What is the name of this digraph created from other digraphs? Let $D_1, D_2, ..., D_n$ be digraphs of various sizes and let $C$ be a diagraph with $n$ vertices $\{1,...,n\}$. Construct a new digraph, $D$, whose vertex set is $V(D) = V(D_1) \cup \cdots \cup V(D_n)$ and whose edge set is defined by $u \to v$ if and only if one of the two conditions hold:
$\quad$(a) $u,v \in V(D_i) \text{ and } u \to v \text{ in } D_i$
$\quad$(b) $\exists i \neq j$ such that $u \in V(D_i), v\in V(D_j)\text{ and } i \to j \text{ in } C$.
In other words, $D$ is the digraph obtained by replacing the vertices of $C$ with the diagraphs $D_1,D_2,...,D_n$.

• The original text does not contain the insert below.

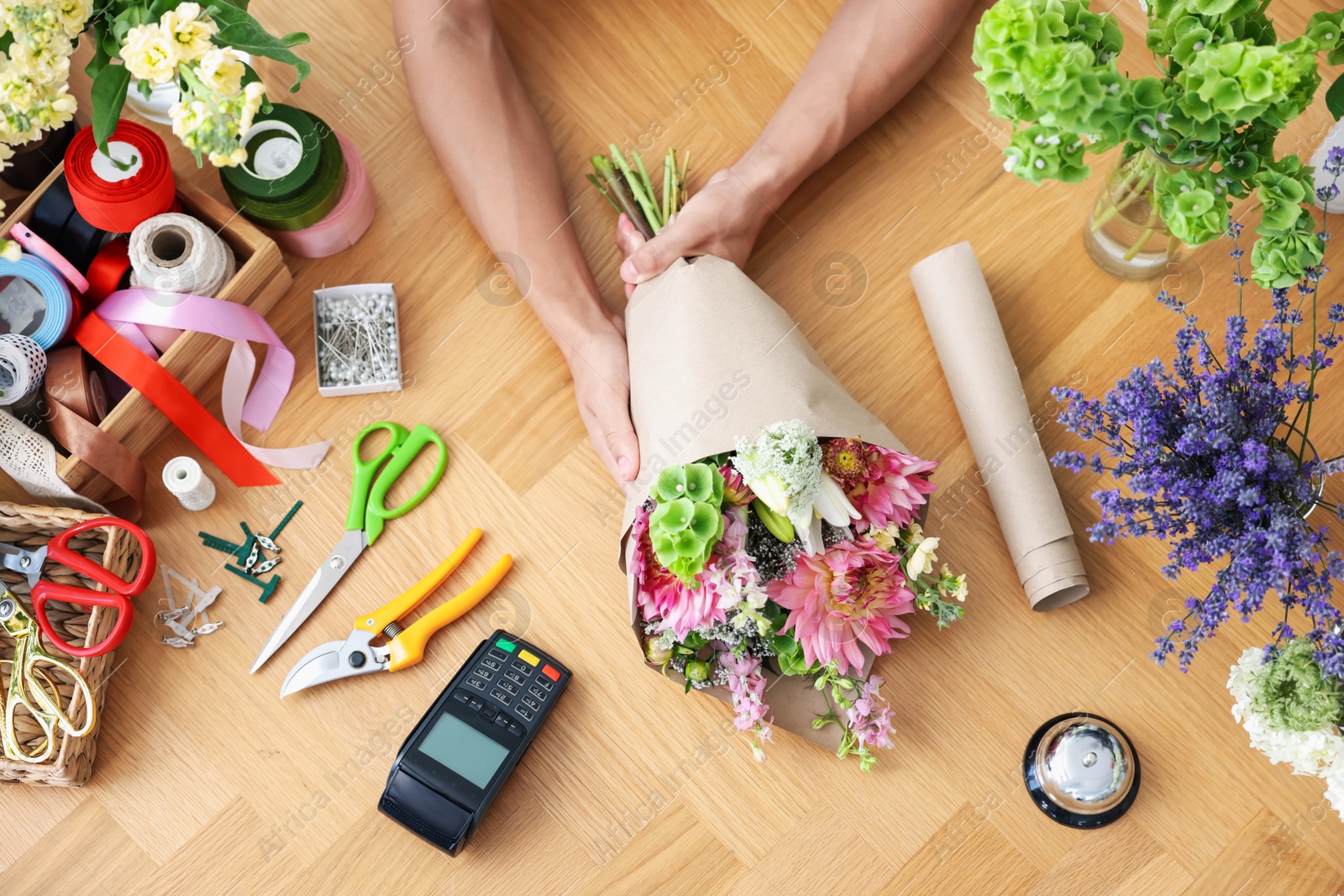 Photo of Professional florist making bouquet of flowers at wooden table, top view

Question: Is there a canonical name/notation for this process? I was digging through the Wikipedia article Graph operations to find something similar, but to no avail (perhaps I just missed it). In particular, I'm interested in when $D_1, D_2, ..., D_n$ are strongly connected and $C$ is transitive. Then the condensation of $D$ is $C$. My idea is to "reverse" the process of condensation.
 A: This can be phrased as a "partial graph join" (the graph join is a well-known operation) described by $C$. Indeed, suppose $C$ has the edge $1 \to 2$. Then $D$ has an edge $u \to v$ if $u \in D_1$ and $v \in D_2$; i.e., join all vertices of $D_1$ to vertices of $D_2$, respecting the orientation $1 \to 2$.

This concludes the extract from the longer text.